Stoichiometry

Stoichiometry /stoi-kE-'a-m&-trE/ (from Greek stoicheion meaning element or principle, and metron measure) refers to the relative number of atoms of various elements found in a chemical substance and is often useful in characterizing a chemical reaction.

It rests upon the law of definite proportions (i.e., the law of constant composition) and the law of multiple proportions.

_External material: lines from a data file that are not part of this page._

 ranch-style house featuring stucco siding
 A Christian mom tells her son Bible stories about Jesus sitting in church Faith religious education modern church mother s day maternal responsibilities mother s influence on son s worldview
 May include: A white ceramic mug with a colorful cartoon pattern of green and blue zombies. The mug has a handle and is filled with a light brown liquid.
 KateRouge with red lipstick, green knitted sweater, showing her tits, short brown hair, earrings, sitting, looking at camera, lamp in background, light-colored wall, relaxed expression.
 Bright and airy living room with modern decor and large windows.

Stoichiometry is often used to balance chemical equations. For example, the two diatomic gases hydrogen and oxygen can combine to form a liquid, water, in an exothermic reaction, as described by Equation 1.

(1) H₂ + O₂ --> H₂O

Equation 1 does not depict the proper stoichiometry of the reaction—that is, it does not reflect the relative proportions of the reactants and products.

(2) 2 H₂ + O₂ --> 2 H₂O

Equation 2 does have proper stoichiometry and is therefore said to be a "balanced" equation, depicting the same number of atoms of each type on each side of the equation.

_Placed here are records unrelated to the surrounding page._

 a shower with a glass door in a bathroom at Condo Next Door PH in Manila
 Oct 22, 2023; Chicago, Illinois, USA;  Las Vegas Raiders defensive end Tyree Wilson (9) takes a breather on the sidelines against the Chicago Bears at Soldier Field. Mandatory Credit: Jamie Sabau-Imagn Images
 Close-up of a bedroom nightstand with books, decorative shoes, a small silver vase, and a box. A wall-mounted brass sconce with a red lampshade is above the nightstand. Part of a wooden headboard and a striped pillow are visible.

The term stoichiometry is also often used for the molar proportions of elements in stoichiometric compounds. For example, the stoichiometry of hydrogen and oxygen in H₂O is 2:1. In stoichiometric compounds, the molar proportions are whole numbers (that is what the law of multiple proportions is about).

Compounds for which the molar proportions are not whole numbers are called nonstoichiometric compounds. Such compounds can be produced by sputtering in a plasma. They are not in chemical equilibrium.

Solids that actually are a mixture of very small crystallites of compounds of different stoichiometry also have been loosely called nonstoichiometric compounds. This is incorrect and probably due to the difficulty in observing the very small crystallites. If a solid was misinterpreted as homogeneous, it was consequently misinterpreted as nonstoichiometric.